Fashionable reviewers who dare to argue that Virginia Woolf deserves much more attention, or that any number of influential feminists after the 1960s ‘widely heard at the time’ ought to have made the cut, shall not affect Collini.
The book makes no pretence to being comprehensive, and I shall be more than unusually unmoved by readers and reviewers who complain that this or that important figure is absent from its pages (p. 8).
But there is another anticipatory comment that merits attention. Collini bases his book mainly on published sources. He feels no obligation ‘to cite secondary literature except in cases of explicit indebtedness or criticism’ and cannot imagine his audience fretting over ‘the conscientiousness of my reading’ (p. 11). As he tells us earlier:
Indeed, it is quite possible that I have now read more articles and essays on the subject of ‘intellectuals in Britain’ than anyone, alive or dead, has, thus far, ever done (p. 8).
As often observed, Collini writes with a self-assurance and superiority that infuse his judgments about the cultural authority of British intellectuals not unlike himself. Yet perhaps there is a dimension of uncertainty here worthy of notice.
Collini also proves eager to cast stones. Eschewing sociological analysis himself (pp. 8, 50), he criticizes similar work by the social theorist Edward Shils for lacking statistics, variables, and correlations (p. 148). He questions Pierre Bourdieu’s use of capitalistic metaphors to describe intellectual activity (p. 57), but later writes: ‘As we have seen, intellectual capital needs to be constantly reinvested; a strategy of pure expenditure soon exhausts one’s credit’ (p. 486). When discussing the BBC after the Second World War, he seems to approve of the Reithian disgust of treating intellectuals just like any other minority (p. 447), but then argues in his conclusion largely the same point (p. 487). Connoisseurs of Collini’s rhetorical style will particularly savour one element of his analysis of Perry Anderson’s work.
The sneer has a legitimate place in polemic, of course, but perhaps one is not being too priggishly resistant to its playful use by remarking that it is carrying a little too much explanatory weight here (p. 178).
Without irony, Collini calls T. S. Eliot ‘Mr Facing-Both-Ways’ (p. 304) and accuses a number of thinkers, including George Orwell, of ‘tendentiousness’ (p. 354). His harsh analysis of Edward Said’s Reith Lectures includes so many of the criticisms that he acknowledges reviewers might level at his own book that the section hints at self-reflexivity (pp. 427–32).

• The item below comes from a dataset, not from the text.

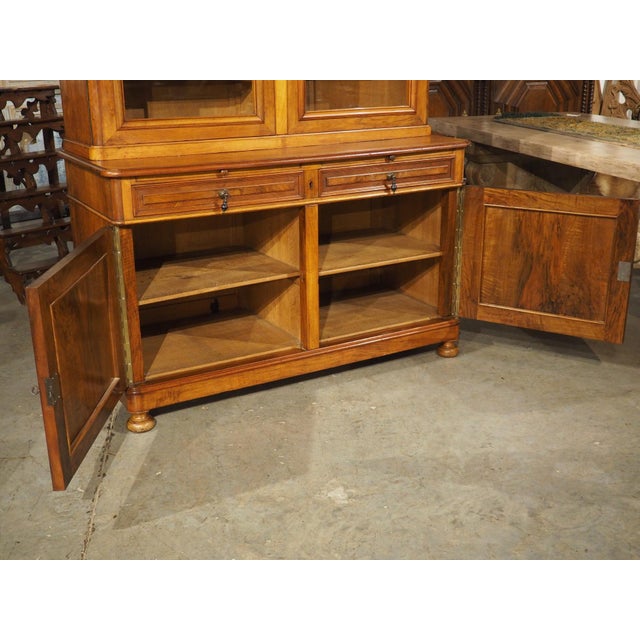 French Louis Philippe Style Walnut Bibliotheque Bookcase, Circa 1900s For Sale - Image 13 of 18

Then in the brief 'Epilogue' the tone shifts as a different persona replaces the aggressive, tough-minded polemicist. He reflects upon the role his book might play in future historiography. Perhaps he will open a whole new field of inquiry. Yes, criticisms may be wounding, but ‘it will not require any implausibly Olympian detachment or wilful pollyannaism to regard such critiques as a sign of one kind of success'. For, you see, the book has really been about removing a ‘deeply entrenched cultural prejudice’ (p. 502). Collini has a dream. He dreams that one day intellectuals will be perceived as ‘ordinary’ and that ‘perhaps it’s time to stop thinking of intellectuals as Other People, and to try not to fall so easily into the related tabloid habits of demonizing and pedestalling’ (p. 505). Yet a concern persists, an anxiety that haunts the book and, at the end of the day, finally becomes explicit; ‘It is undeniable that any extended demolition of a view which, in its simplest form, is almost self-evidently false risks appearing a somewhat sterile exercise’ (p. 502).